Posted by: Anon | Feb 7, 2015 1:05:16 AM

These are good questions, Matt, and Derek's pros and cons seem right to me. It seems that we should consider the mechanisms by which the law school market might arrive at either the "fewer students per school" result or the "fewer schools" result.

The "fewer students per school" result seems easier to achieve, since each school currently has at least some incentive to become smaller (maintaining LSATs for U.S. News, but also a genuine concern about producing too many graduates for the local market to absorb). The only thing preventing that is revenue. Many schools, however, are looking at several retirements in the coming years, so it would seem that, if they are going to right-size, now would be the time. It could be accomplished simply by not replacing those who retire (or not replacing all of them). Of course, failing to replace teaching faculty would present the prospect of more teaching for everyone, but that doesn't seem like a bad idea to me.

The "fewer schools" result seems much harder to achieve. Schools will act (sometimes heroically) to self-preserve, as we saw recently with Thomas Jefferson, and as you point out, the ABA is not really any kind of a gatekeeper. The recently reported transfer market explosion, however, if many other schools pick up on that strategy, could force some "feeder" schools into a position of unsustainability, leading to closures over time. For example, at some point, if a school that recruits less capable students in general keeps losing its most capable students every year, then the school's inevitably declining bar exam passage rates will eventually force even the ABA to take action. However, for some reason, the blogosphere's reaction to the high number of transfer admissions in some schools has been almost uniformly negative, despite the fact that the transfer market looks at lot like traditional, healthy market competition that is supposed to cause unsuccessful firms to fold. Nevertheless, such negative press might cause U.S. News to start accounting for transfers in its formula, as it ultimately accounted for part-time students after uproars about schools gaming the rankings. If so, the transfer market might dry up, leaving the less successful schools intact.

It's interesting to me (and not in a good way) that concern for U.S. News will inevitably figure prominently in either scenario.
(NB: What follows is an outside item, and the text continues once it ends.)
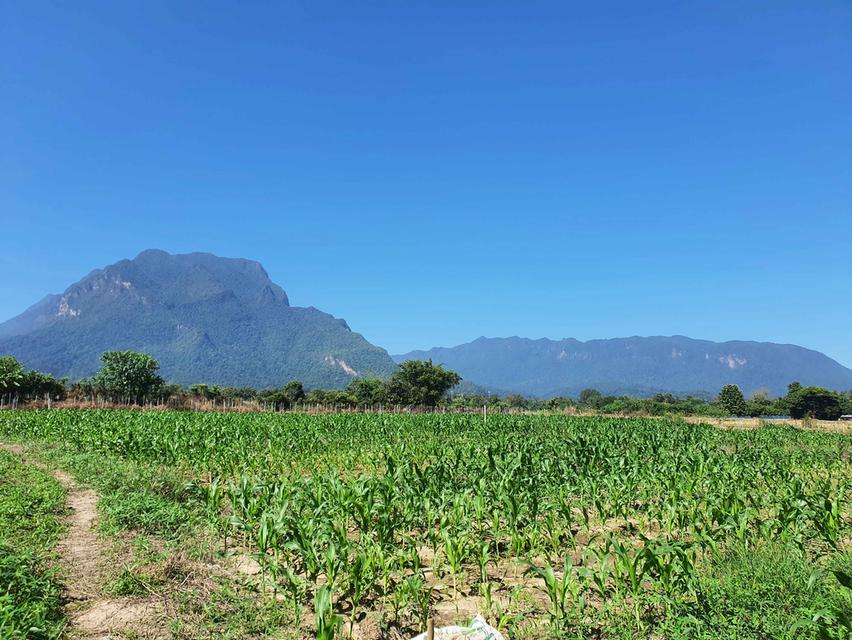 ที่ดิน อ.เชียงดาว จ.เชียงใหม่ วิวดอยหลวง 4 ไร่ 🔥 5 ล้าน 🔥 2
Posted by: Scott Bauries | Feb 6, 2015 10:29:57 AM

Large number of small school benefits:

Better signaling to employers through tighter cohort quality. More opportunities for diversity at the institutional level (perhaps more experimentation in program design). Greater geographical diversity -- geo diversity can help with job placement, more opportunities for practitioner adjuncts, more students can live at home, more schools in low cost of living locations. Probably a tighter knit community.

Large number of small school cons:

Increased overhead (every school needs a library, and a half dozen or so vice deans). Less diversity in student bodies. Fewer options for classes (and less room to experiment on the class-level).

Small number of large school benefits:

Lower tuition through economy of scale. More diversity in student body. Greater opportunities for student groups, secondary/specialized journals, guest speakers, etc. Can offer niche classes. Easier for prospective students to research and apply. More attractive to employers for OCI.

Small number of large school cons:

More likely that every school tries to look like Harvard. Less chance for schools to distinguish themselves. Possible diseconomy of scale (administrative staff gets so big that you need admins to admin the admins; a bigger budget doesn't demand leanness as much). Students not at the top can become disconnected from the community. School more likely to be compared to yo momma.